Years ago, I was in a loft that had a recirculation fan (don't know the real name for it) which was basically a fan fitted into a long vertical tube that stretched from the loft down to the first floor. It would not eliminate the heat from your condo, but it would move it around, cooling the loft somewhat. More efficient than your typical Hunter Douglas ceiling fan.


----------



## Wuzzat? (Sep 20, 2012)

So with a loft you are working against the Stack Effect.

I've heard 5 to 60 Air Changes per Hour (ACH) with avg. 10 ACH being 
recommended for this application.  The conversion from room volume to CFM is not too difficult.  The air intake area should be 4x the area swept out by the fan blades.

Experiment first with a box fan to see what kind of temp. reduction you can get.  The fan maker can help you with what kind of CFM you can expect.  

Also check to see if your outlets can support a window AC.  If a 1 kw room heater or toaster doesn't pop a breaker you might be good to go on this.

Here's your cooling degree days for Anaheim.
http://www.weatherdatadepot.com/?pi_ad_id=6251685145&gclid=CP-JvIDgxLICFcne4AodG2cAwQ

An additional constraint could be fan noise.


----------



## notmrjohn (Sep 20, 2012)

"a fan fitted into a long vertical tube" I like slow's idea, even if we don't know its name.:trophy:

All that venting and blocking of attics isn't going to help much with Wuzzat's Stack Effect,  that I called a heat trap. Air flow thru cathedral could help prevent some heat transfer from up there.  But attic ventilation is really more for moisture control, insulation stops heat transfer.
 Tube could be disguised as pilaster or column with inlet register, outlets with dampers in loft. Sound insulated tube and fan isolating mounts would cut down on noise. Slownsteady fan even quieter.  Carry tube up near ceiling, get some air to move out of top corner.  Strong flow from tube against short wall would help overcome damming effect. And don't think it would violate any condo rules.
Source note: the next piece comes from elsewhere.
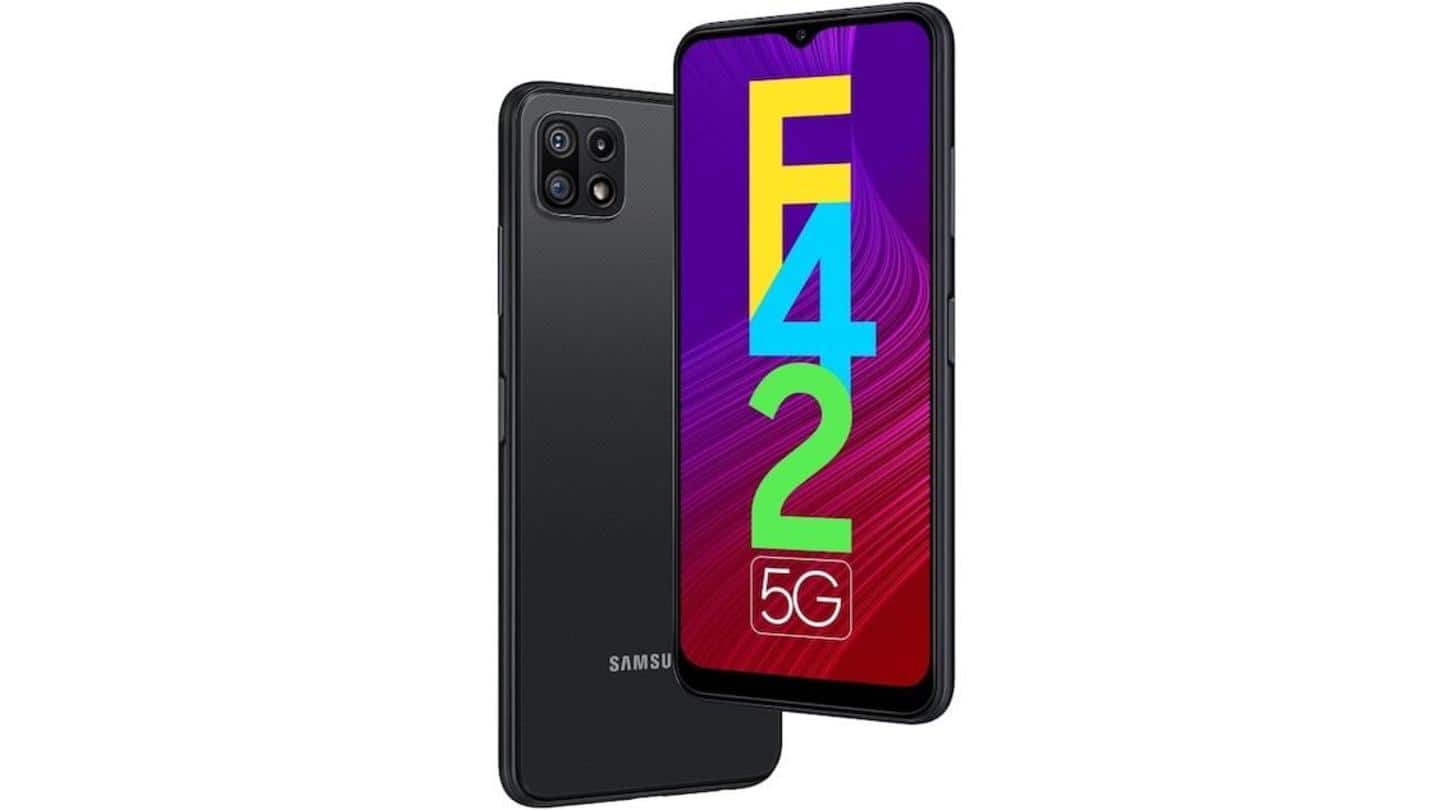 It sports a 90Hz TFT display It sports a 90Hz TFT display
If condo cops are even aware of it.:hide:


----------



## Wuzzat? (Sep 20, 2012)

And if the downstairs is cool enough the OP could have a fan pushing air down into the downstairs through a tube.  The hot air rising doesn't need a fan.

The thing with the tube is, you don't want to defeat firebreaks and somewhere I saw a tube damper that closes when it detects excessive temps. as would result from a fire.  The bimetallic element acts a motor for the damper plate.
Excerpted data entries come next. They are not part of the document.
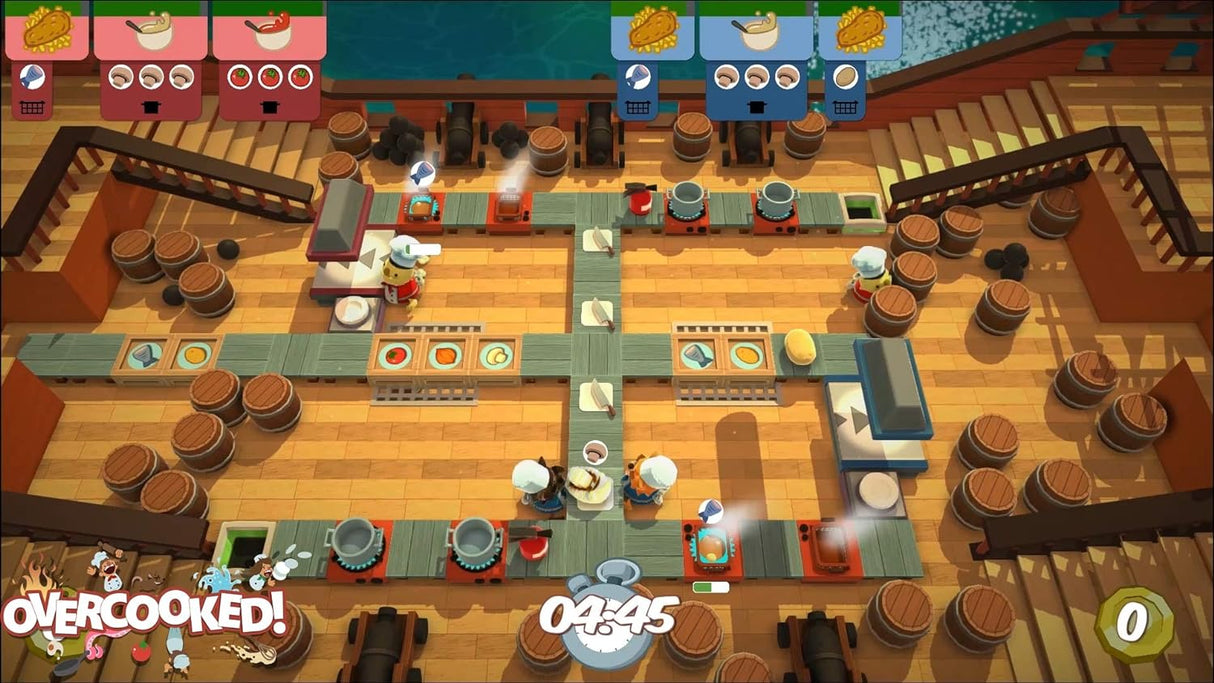 Overcooked! All You Can Eat for Nintendo Switch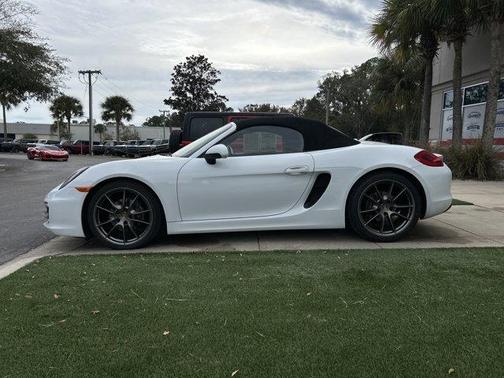 2015 Porsche Boxster Base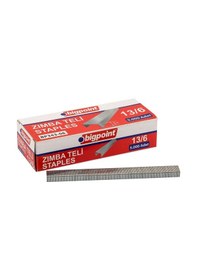 Resim Bigpoint Zımba Teli No 13/6 N11.716 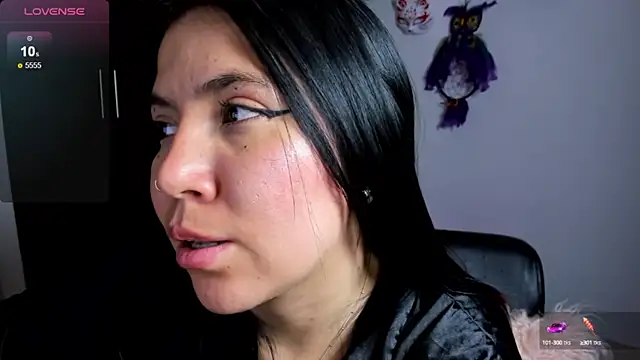 AilynRed online show from February 2025 05:14:01 AM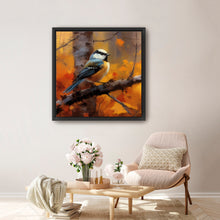 Autumn Bird
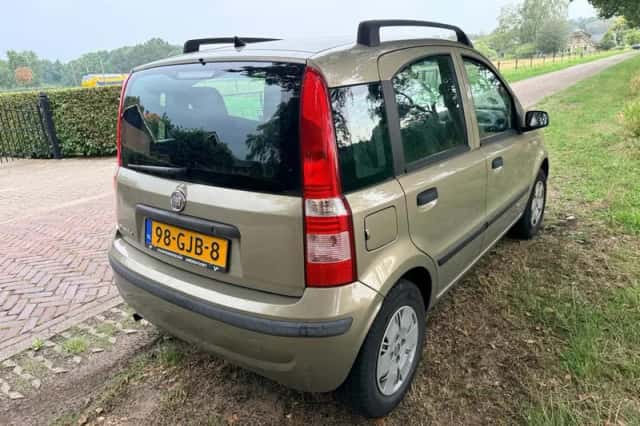 Fiat Panda (2008) thumbnail 6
This firebreak thing is kind of what's keeping me from putting in a between-joist laundry chute from an upstairs closet floor to the downstairs laundry room ceiling.

You can do it, we can help!


----------



## notmrjohn (Sep 20, 2012)

Laundry chute; spring loaded, fire resistant "damper", weight of clothes opens it. Damper close to opening so you can push thru stuck over alls, push flap open for lighweight Victoria's Secret dainties.  Don't think there's really enough room inside walls though, you'd have to build it out some. opening high enuff so kid can't crawl through and play with matches after landing on soft clothes.

To my mind, or whatever it is I have in place of one, cold air should go up. Loft already warm, pulling air out of it means more warm air at ceiling level moves in.  Cool air coming up pushes warm air out of loft. Pulling air down would mean cooler air at floor level, which warms and rises.  Using tube with registers at various heights in loft, including one near ceiling, various directions, and adjustable dampers, in winter close off registers that might blow on occupant, send air against ceiling to blow out down slope under ceiling pushing warm air down wall to mix with cooler air below. Like winter time reversed ceiling fan.   Reversible, multi speed fan?


----------



## GBR (Sep 20, 2012)

So... what did the C.A. let you do almost 8 months ago?

Gary


----------



## slownsteady (Sep 21, 2012)

T





> he thing with the tube is, you don't want to defeat firebreaks



     Since a loft is usually an open space to the room below, no fire breaks involved.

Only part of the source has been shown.